TASK BRIEF: Pictures are to be left out, and only the lines below starting at the one with "New Autumn And" and ending at the one with "Ensemble de sport" are to be reproduced, each exactly, both ends included.

DATA FOR THIS TASK:

╔══

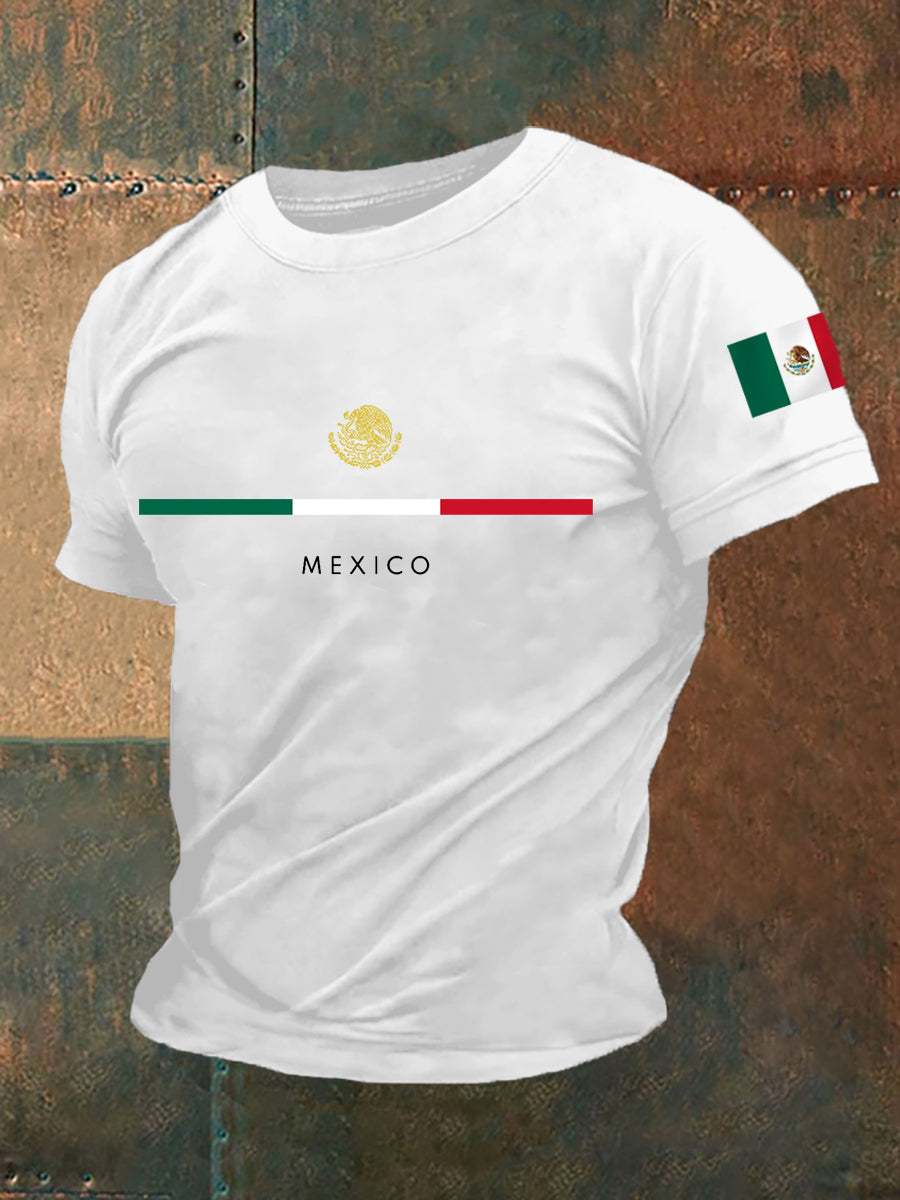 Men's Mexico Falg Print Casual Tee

╚══
╔══

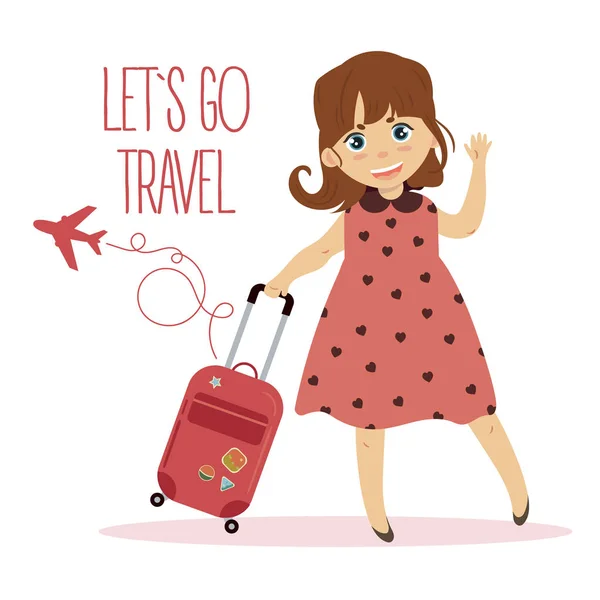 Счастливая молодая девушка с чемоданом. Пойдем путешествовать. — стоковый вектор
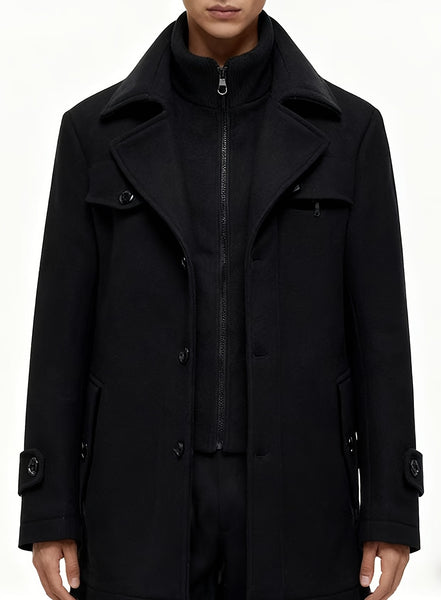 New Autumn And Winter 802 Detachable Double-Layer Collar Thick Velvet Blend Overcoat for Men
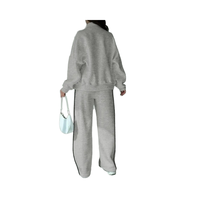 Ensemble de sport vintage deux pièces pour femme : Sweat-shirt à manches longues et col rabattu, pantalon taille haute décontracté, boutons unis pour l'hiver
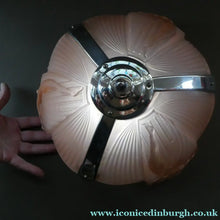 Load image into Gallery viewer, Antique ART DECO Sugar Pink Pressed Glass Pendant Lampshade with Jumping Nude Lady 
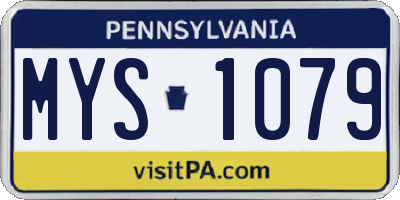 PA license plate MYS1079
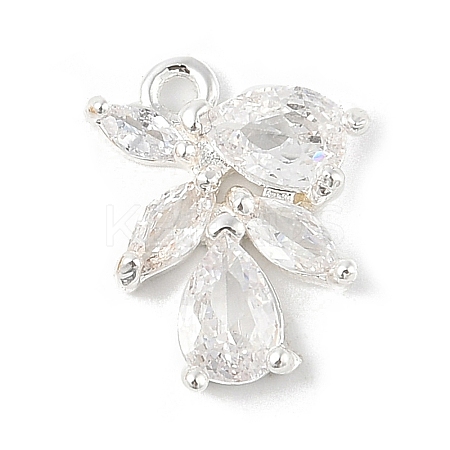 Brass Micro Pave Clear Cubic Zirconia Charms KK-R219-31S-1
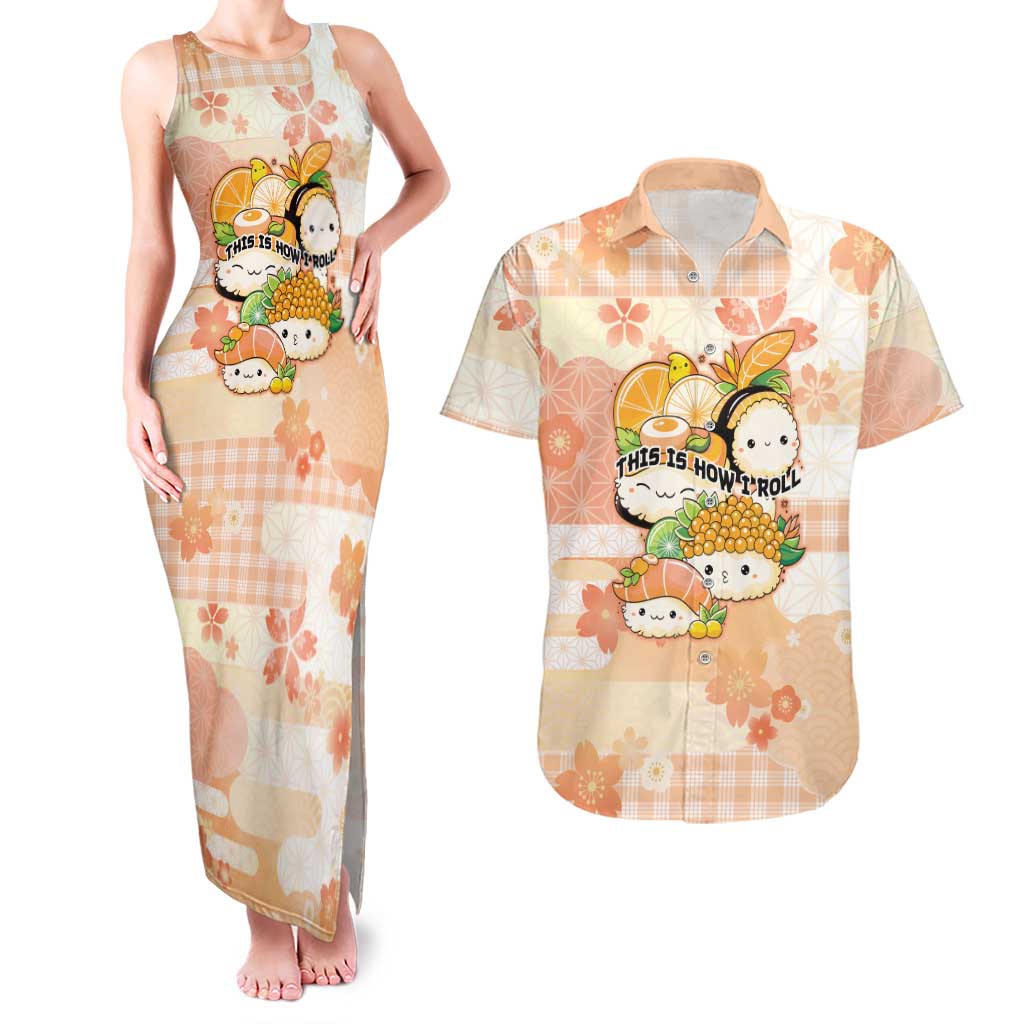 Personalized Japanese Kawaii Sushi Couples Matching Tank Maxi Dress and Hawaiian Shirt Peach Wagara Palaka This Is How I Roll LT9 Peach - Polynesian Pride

╚══
╔══

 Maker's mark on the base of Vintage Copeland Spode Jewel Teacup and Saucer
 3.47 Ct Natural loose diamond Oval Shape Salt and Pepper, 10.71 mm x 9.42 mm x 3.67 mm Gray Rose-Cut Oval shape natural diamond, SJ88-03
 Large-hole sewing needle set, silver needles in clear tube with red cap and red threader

╚══

EXPECTED ANSWER:
 New Autumn And Winter 802 Detachable Double-Layer Collar Thick Velvet Blend Overcoat for Men
 Ensemble de sport vintage deux pièces pour femme : Sweat-shirt à manches longues et col rabattu, pantalon taille haute décontracté, boutons unis pour l'hiver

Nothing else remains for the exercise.